Des menaces exogènes
L’Institut des parcs, des peuples et de la biodiversité de L’Université de Californie, Berkeley, collabore avec le NPS depuis les origines, ou presque, et a, au fil du temps, orienté la politique des parcs en les poussant régulièrement à des changements de paradigme. Une étude menée par l’Institut en septembre 2018 a permis de prendre la mesure des effets du changement climatique sur les parcs. Entre 1895 et 2010, la température des 417 aires protégées du pays a augmenté de 1°C cependant que les précipitations ont baissé de 12%.
A Yosemite, la forêt subalpine a gagné les prairies d’altitude, plus fraîches, entraînant par la même occasion la migration des mammifères, désormais vivant 500 mètres plus haut que leur habitat de 1918. Au Parc des Séquoias, 20% des grands sapins et de 50 à 70% des grands pins sont morts pendant la sécheresse qui a touché la Californie de 2012 à 2016. A Joshua Tree, les jeunes générations d’arbres ne survivent plus dans la partie sud du parc. Dans le Parc naturel du Big Bend, au Texas, le niveau du Rio Grande est si bas qu’on l’appelle le Rio Sand… Les exemples ne manquent pas et les causes non plus. En Californie, l’Institut d’Etudes Géologiques des Etats-Unis, explique l’augmentation des feux de forêt par l’urbanisation des zones boisées, l’agriculture maraîchère gourmande en eau, le mauvais état du réseau électrique… Sans compter les choix politiques récents qui pourraient avoir une influence considérable sur ces espaces sauvages.
Alors comment gérer les ressources naturelles dans un climat changeant ? Les parcs se mettent au vert, nous l’avons vu. Ils impliquent désormais des visiteurs eux-mêmes. En 2016, la California Academy of Sciences et le National Geographic ont développé une application mobile, iNaturalist, qui leur permet de partager leurs observations de la faune et de la flore, aidant ainsi au recensement.

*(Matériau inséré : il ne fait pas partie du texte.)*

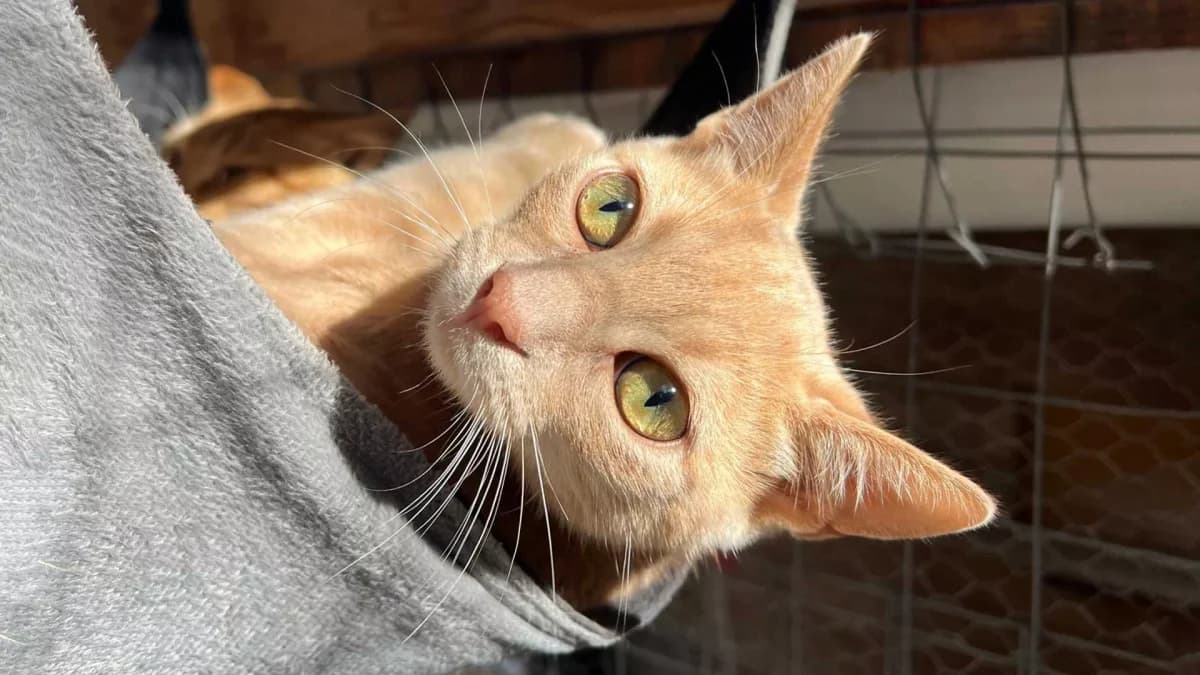 Comet, Mixed Breed for adoption at Syros Cats, Syros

Mais la mobilisation de tous les acteurs et une gestion environnementale rigoureuse suffiront-elles à affronter les impacts du changement climatique ? Selon Tina Garner, Responsable Accréditations à l’ANSI, « la mise en place de systèmes de management environnemental au sein de parcs a permis d’améliorer de façon significative la protection des ressources nationales tout en permettant aux visiteurs de faire l’expérience de la beauté que chacun des parcs a à offrir ». Pour autant, ajoute t-elle, « les Parcs nationaux sont confrontés aux impacts négatifs du changement climatique et même si on peut encore en limiter les impacts, les Parcs nationaux ne peuvent pas agir seuls car les causes extérieures aux parcs dépassent de beaucoup les causes endogènes».